How? By drawing us with his love.
And what is the affective quality of this eternal relationship? An exploration of the love of Christ that surpasses knowledge. The Spirit—no longer grieved or quenched—will pour that love out in our hearts and we will live with the joy we’ve always longed for.
God, in turn, will be delighted.
Thanks so much for this, Ron. It was particularly poignant for me after my recent interaction with a man (a Christian!) who held to a picture of a disaffected God and railed against the idea that love is the triune God’s very heartbeat. It is in being drawn into the eternal Father-Son-Spirit love relationship that we discover true joy and delight, and begin, as it says in Ephesians 3, “to grasp how wide and long and high and deep is the love of Christ, and to know this love that surpasses knowledge.” Thanks again for your post!

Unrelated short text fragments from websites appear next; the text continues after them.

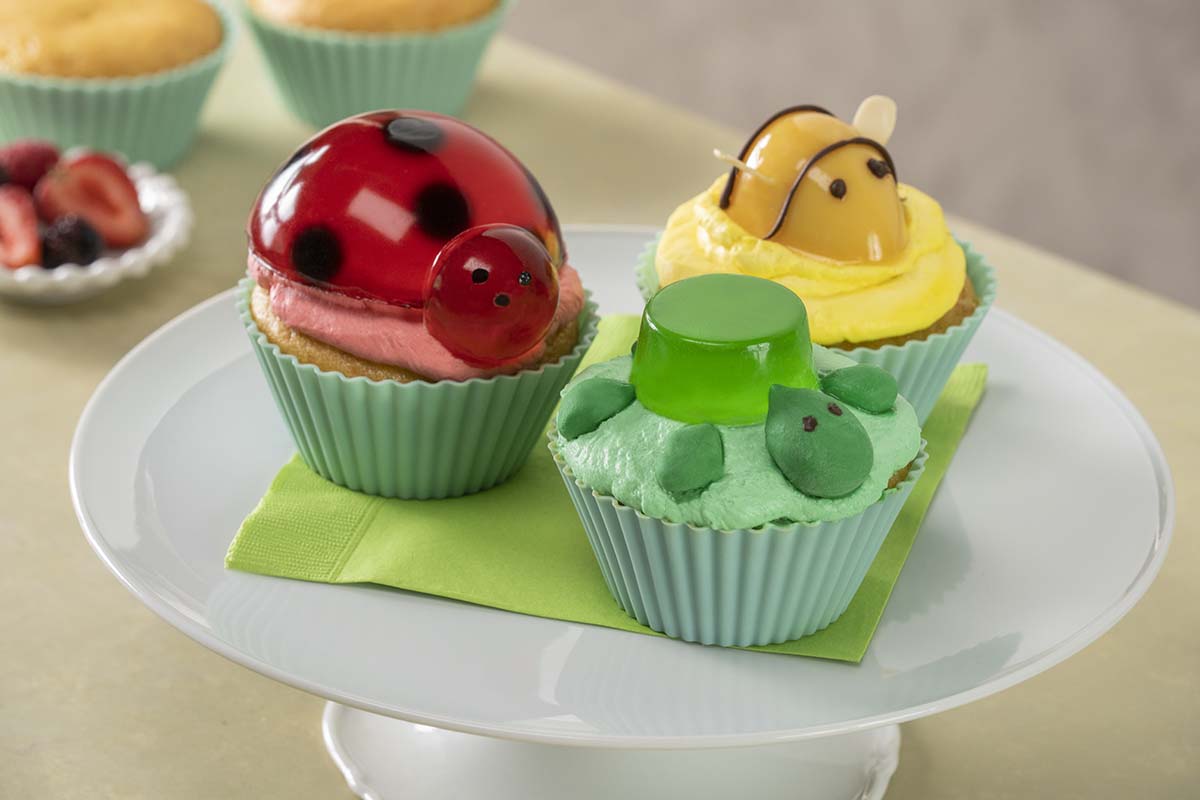 Animal Jelly Cupcakes
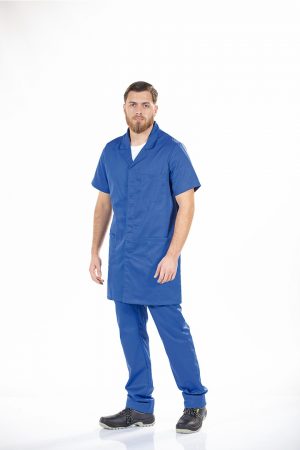 MEN’S LONG-SLEEVE WORK SMOCK WITH BUTTON FASTENINGS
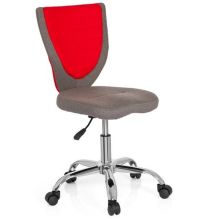 KIDDY COMFORT - Chaise pivotante pour des enfants gris /rouge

Humm. Dare I ask if the man, as one devoted to an insensitive God, happened to be sensitive to you when he railed against what you believed from your own Bible reading?
Actually, let’s leave that alone!
You’re welcome – it’s an important topic – and thanks for underscoring the Ephesians text I merely alluded to.
As I read your article, contemplating a relational, loving God, I am watching a father delighting in his children and they respond to their father’s delight. They are playfully splashing in the pool water as the father carefully holds the children safely in the deep. It so reminds me of our Father as He carefully rescues and secures us with His love as we delight in His presence.